Best game that left me wanting more: High Hell

Surprise, surprise! I loved Heavy Bullets. With High Hell, developer Terri Vellmann has quickly became one of my favourites. These high stakes shooters where every bullet counts are totally my jam! I only wish that there was more. I blasted through High Hell in one sitting in less than 90 minutes. Don’t get me wrong, it was fantastic 90 minutes. But it left me desperately wanting more. It wouldn‘t even have to be more than the current 20 levels. Just giving people tools to make their own levels supported by Workshop would be nice. However, some people are going to come to this game just for leaderboards and will have no issues running these levels over and over again, and these people will be served well.

#1 - Picross S

When i got the Switch this fall i bought Picross on a whim to test how eshop works rather than actually thinking i will love it, despite the fact that I occasionally enjoy some crosswords or sudoku.
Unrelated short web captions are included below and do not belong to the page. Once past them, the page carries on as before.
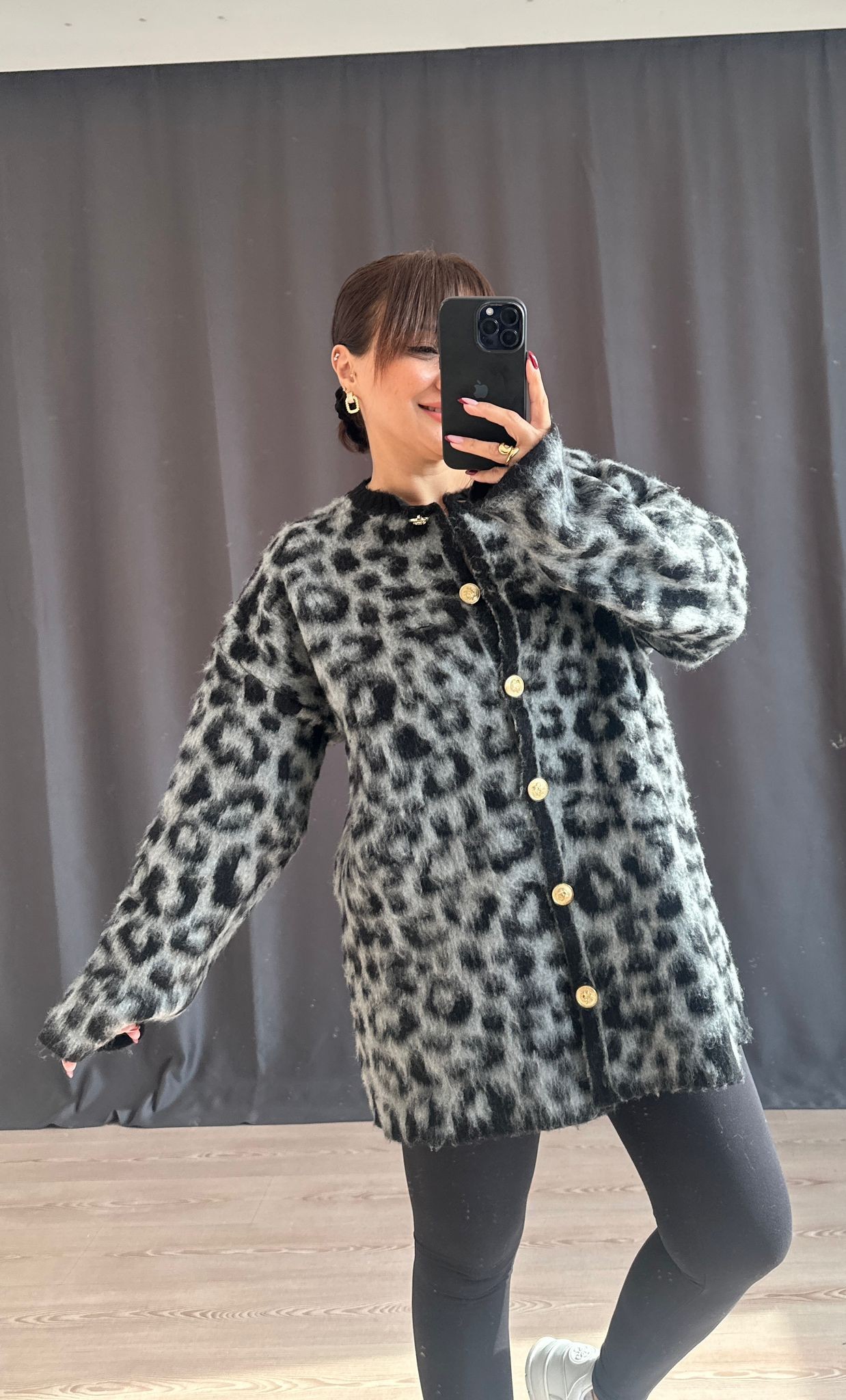 LEOPAR DESENLİ OVERSİZE HIRKA • GRİ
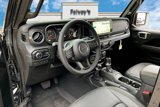 New 2025 Jeep Gladiator Sport image 6
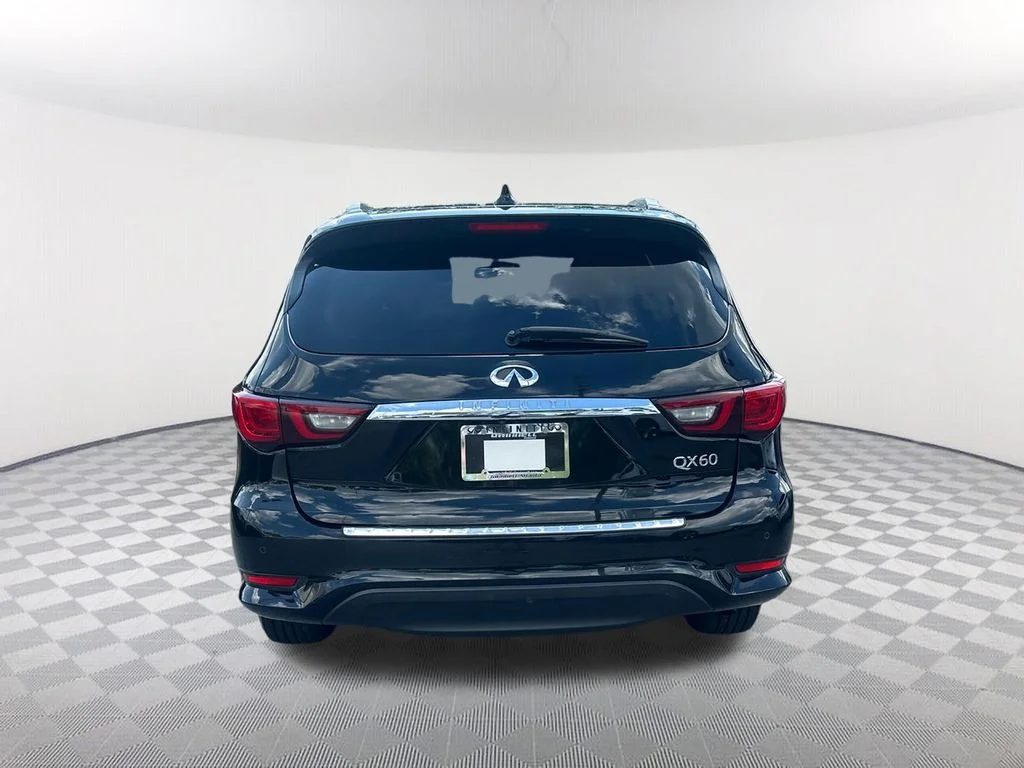 Used 2020 Black INFINITI LUXE image 6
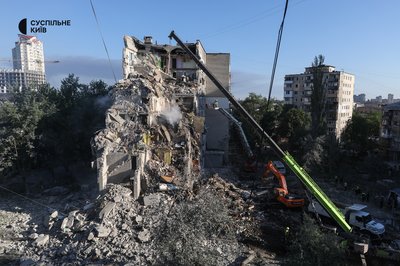 800 пошкоджених внаслідок російської агресії будинків: як триває відновлення Дарницького району Києва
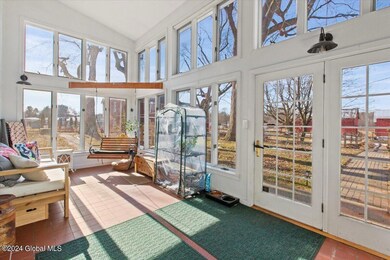 839 Amsterdam Rd, Schenectady, NY 12302 - photo 6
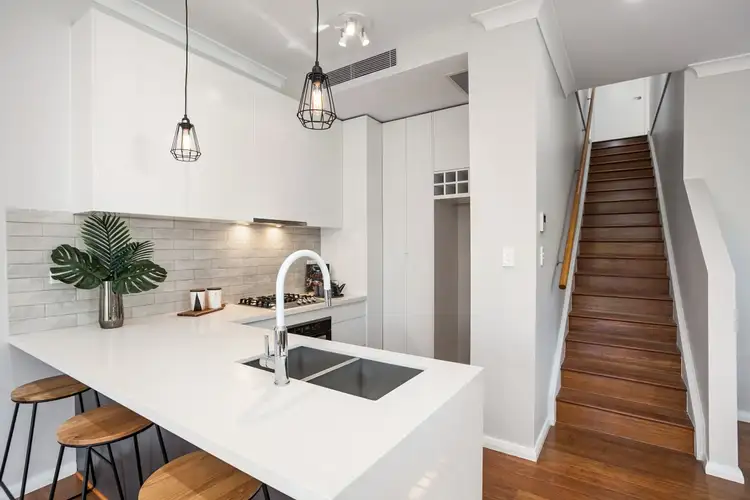 Fifth view of Homely house listing, 2/3 Dalmeny Avenue, Figtree NSW 2525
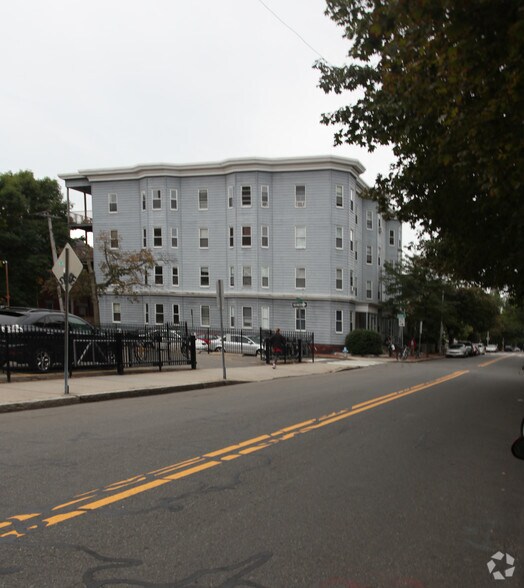 Primary Photo Of 24 Magazine St, Cambridge Apartments For Sale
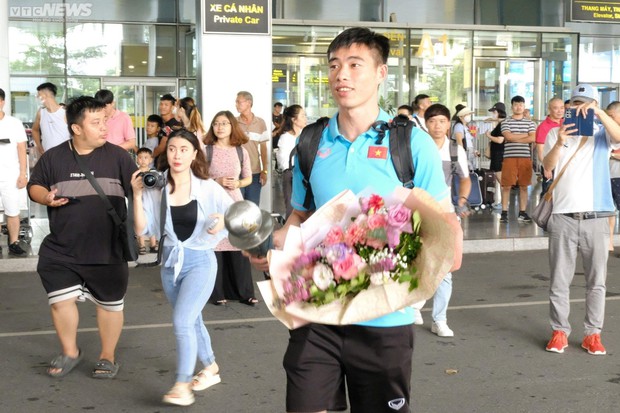 Người hâm mộ háo hức chào đón 'chàng trai vàng' trở về sau chiến thắng vô địch U23 Đông Nam Á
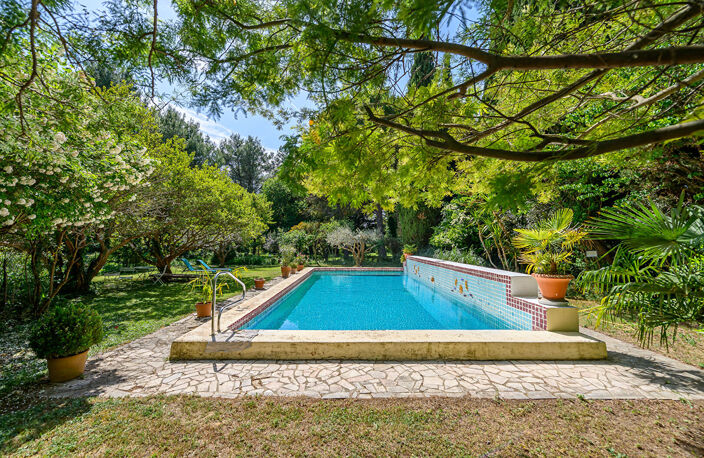 Parc naturel des Alpilles Maison de maître  XIX eme siècle 648 m2 habitables  avec piscine et tennis — photo 2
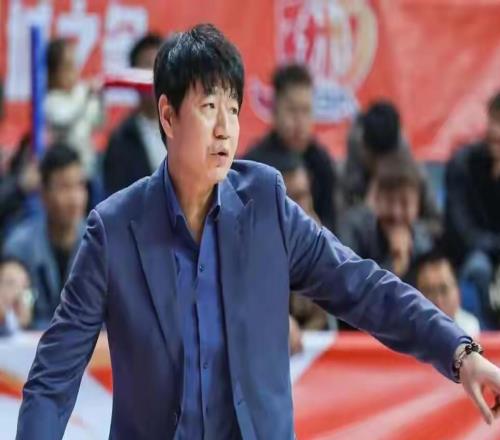 CBA又闹笑话,驱逐两人,罚下两人,裁判肆无忌惮,谁也不敢管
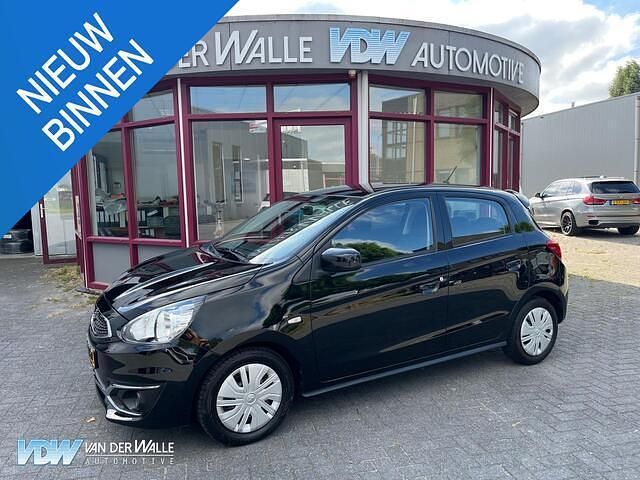 Zwart Gebruikt 2018 Mitsubishi Space Star Hatchback | € 8.998 (Eerlijke prijs) - Afbeelding 1/4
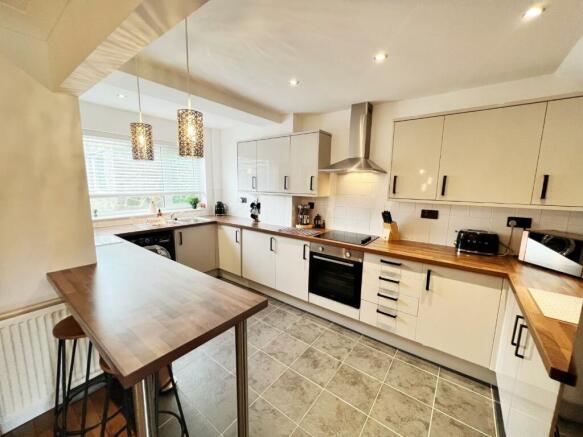 Kitchen / Diner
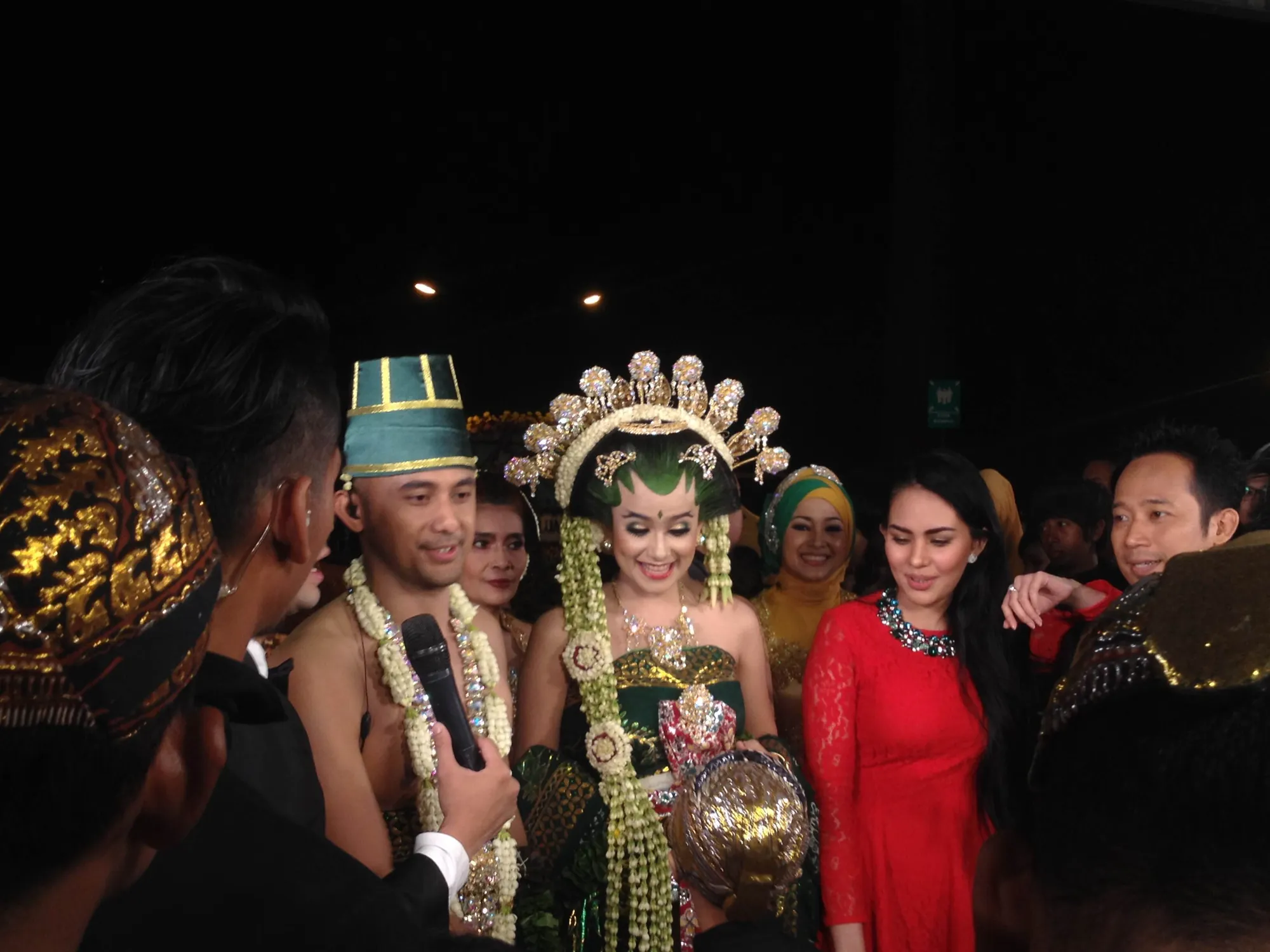 Penampilan Hengky Kurniawan dan Sonya Fatmala di resepsi pernikahan © KapanLagi.com®/Alfi Rosyadi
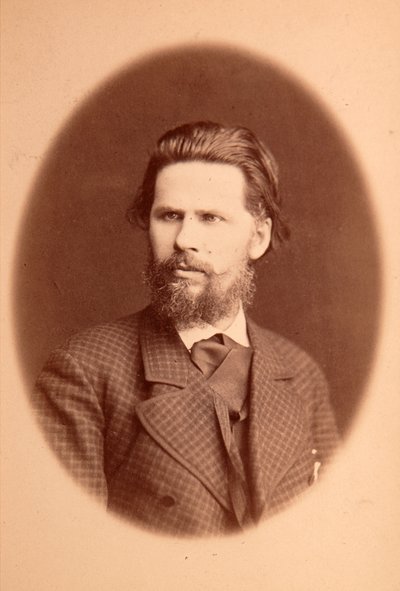 Portrett av kunstneren Ivan Nikolaievitch (Nikolaevich) Kramskoi (1837-1887). Albumin bilde av Anonymous Anonymous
Three months later and Picross S is by far my most played game on the system. The fact that it is a great portable game and does not require sound certainly helps, but nights where i don’t solve at least one puzzle before going to sleep are few and far between. After trying some knock-offs on Switch itself and Android it became clear how hard it actually is to make boards that are challenging yet rewarding, and don’t resort to forcing you to guess your way to the solution. I have to give it some time, but I might start ranking Picross S on the similar levels as such a classic as Tetris.